Idiopathic ventricular tachycardias (VTs) typically occur in the absence of structural heart disease and can originate from multiple anatomic regions, including the left and right ventricular outflow tracts (OTs), the left fascicular system, the mitral and tricuspid annuli, and the papillary muscles, or they can develop perivascularly in the epicardial space. More than half of all idiopathic VTs originate from the OTs, and of these, approximately 80% originate from the right ventricular outflow tract (RVOT).¹ The remainder originate from the left ventricular outflow tract (LVOT), which is located immediately posterior to the RVOT and includes the aortic sinuses of Valsalva, the ventricular myocardium just inferior to the aortic valve, the aortomitral continuity (AMC), the superior basal septum (ventricular summit), and the epicardial OT surface.^2–7 OT arrhythmias can present as isolated premature ventricular complexes (PVCs), as nonsustained VTs, or as sustained VTs.⁸ Symptoms of OT VTs vary widely and may include palpitations, presyncope, and syncope. Since the time that they were initially described, advances in our understanding of the mechanism and pathophysiology of OT VTs have been significant. This chapter reviews the anatomy, epidemiology, mechanisms, diagnosis, prognosis, and management of OT PVCs and VTs.

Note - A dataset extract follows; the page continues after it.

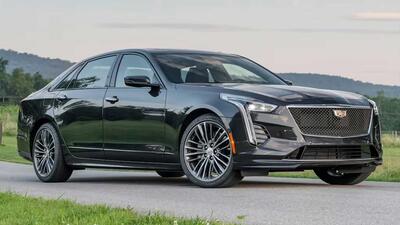 داستان موتور V8 کادیلاک بلک‌وینگ؛ شاهکار مهندسی با سرنوشتی تلخ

The RVOT is generally divided into rightward (free wall), anterior, leftward (septal), and posterior portions (Figure 81-1).⁹ The RVOT courses anterior and leftward of the LVOT with the distal RVOT and pulmonic valve located leftward of the distal LVOT and aortic valve, respectively. The pulmonary valve is superior to the aortic valve, such that the posteroseptal RVOT is immediately anterior and adjacent to the aortic valve, specifically the right and left coronary cusps (RCCs and LCCs).⁹ Its inferior and most rightward portion is continuous with the tricuspid annulus and the interventricular septum, where the bundle of His and the proximal right bundle branch are located, whereas its most superior and leftward portion is above the anterior pulmonary valve leaflet (Figure 81-2). Although the RVOT is muscular throughout, it is relatively thin in the rightward, anterior, and subpulmonary valve portions, and it is thicker in the proximal posterior portion, where it is directly opposite the LVOT and the anterior interventricular septum.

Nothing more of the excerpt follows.